On Fri, 2006-06-09 at 20:55 +0200, Alberto Botti
wrote:
Il giorno mer, 07/06/2006 alle 11.49 -0400, Lee
Revell ha scritto:
On Wed, 2006-06-07 at 04:50 -0500, Jan Depner
wrote:
Why do you assume this? There are plenty of
closed-source
applications and drivers running on top of Linux.
Closed source applications are perfectly OK. A closed source
ALSA driver violates the GPL.
From the ALSA soundcard support page
(
http://www.alsa-project.org/call.php):
"There is nothing to stop any company from developing a binary only
driver that works with ALSA. But there are several issues and
requirements we want to make clear to anybody attempting to do
this."
"Works with ALSA" is not exactly the same as a binary ALSA driver.
"Binary-only drivers cannot be based on any ALSA source code. They
must be written from scratch. Binary-only drivers that contain ALSA
code are infringing on copyright laws."
IOW, a binary only ALSA driver can implement the ALSA API, but it
cannot use the ALSA kernel middle layer at all.
AFAICT this means that you could implement a ALSA compatibility
wrapper around a binary blob as long as that blob was not developed
for use on Linux.

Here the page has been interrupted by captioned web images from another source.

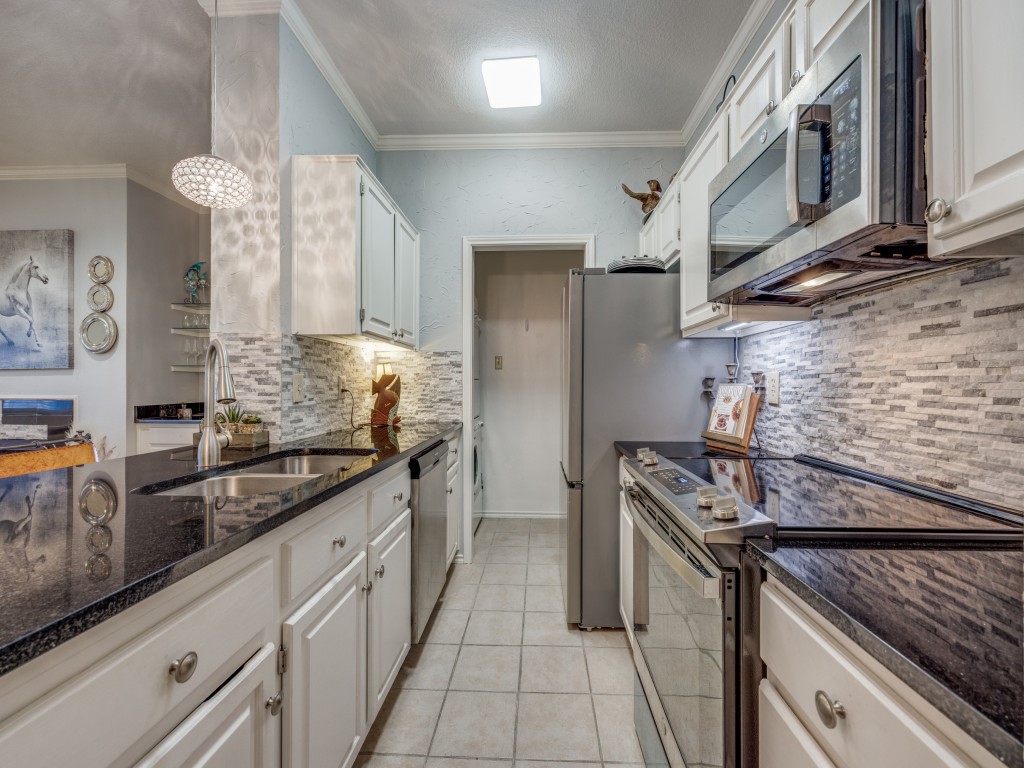 2164 Tanglewood Boulevard Pottsboro TX 75076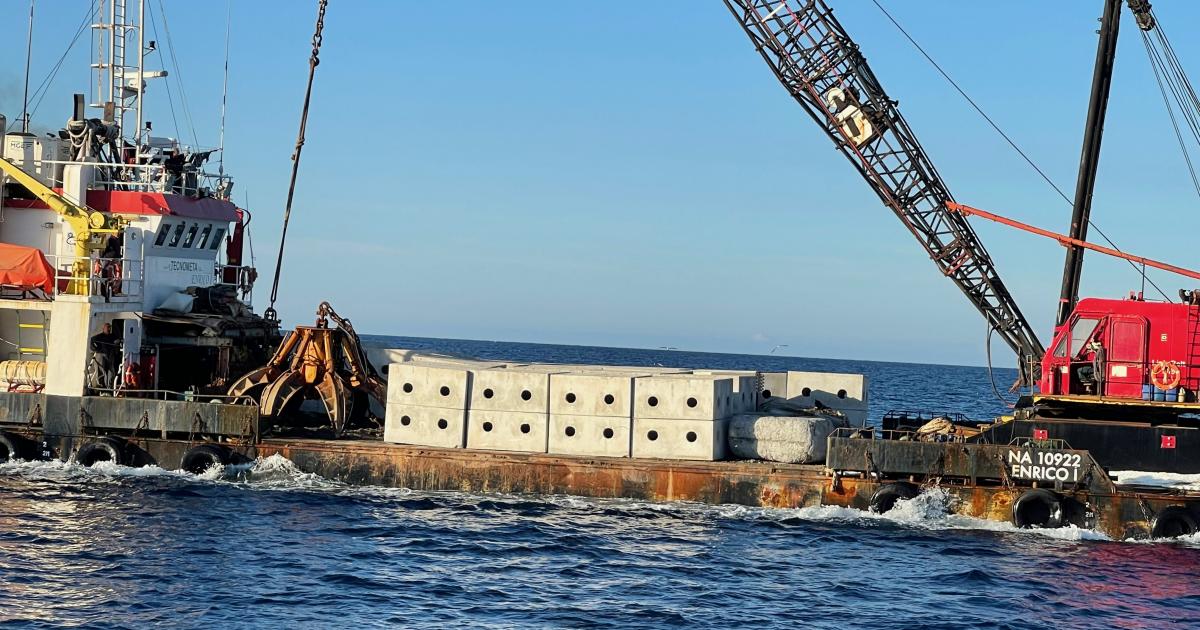 Blocking bottom trawling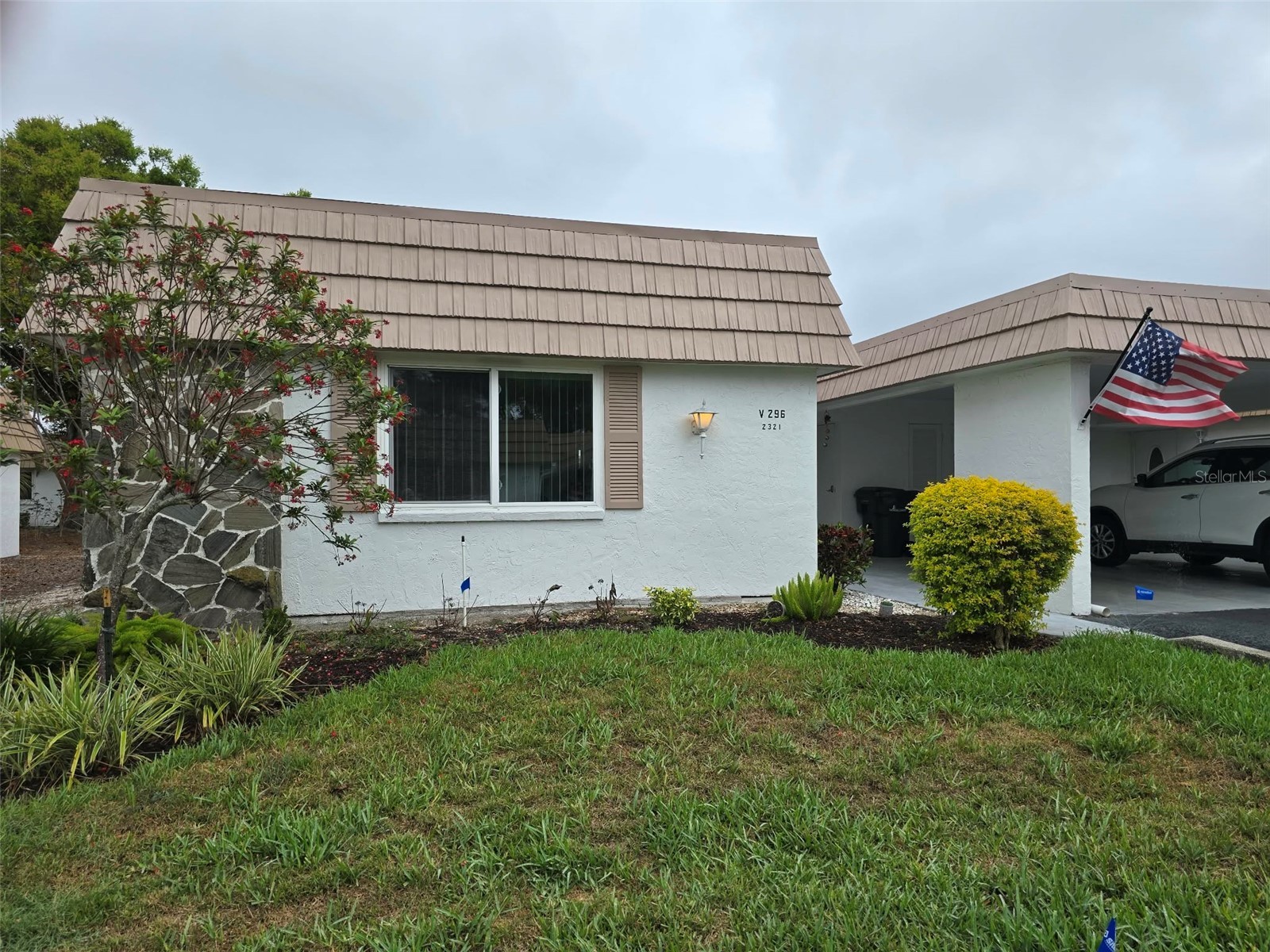 2321 Canalbluff Place #V296 Sarasota FL 34231 - PHILLIPPE CREEK A4686452 image1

But developing a binary driver for use on Linux is
clearly a derived work of the kernel and thus illegal.
Lee
So a company that wanted to have a proprietary connection to linux could
write an open source blob and a closed connection to the blob for their
closed hardware/software? ie linux remains useable for companies.
If not, I'm having a hard time seeing this as a positive situation.
More like alsa shooting themselves in the foot.
I'm not a programmer or audio pro; just a linux user who advocates open
source and avenues of co-existence with businesses.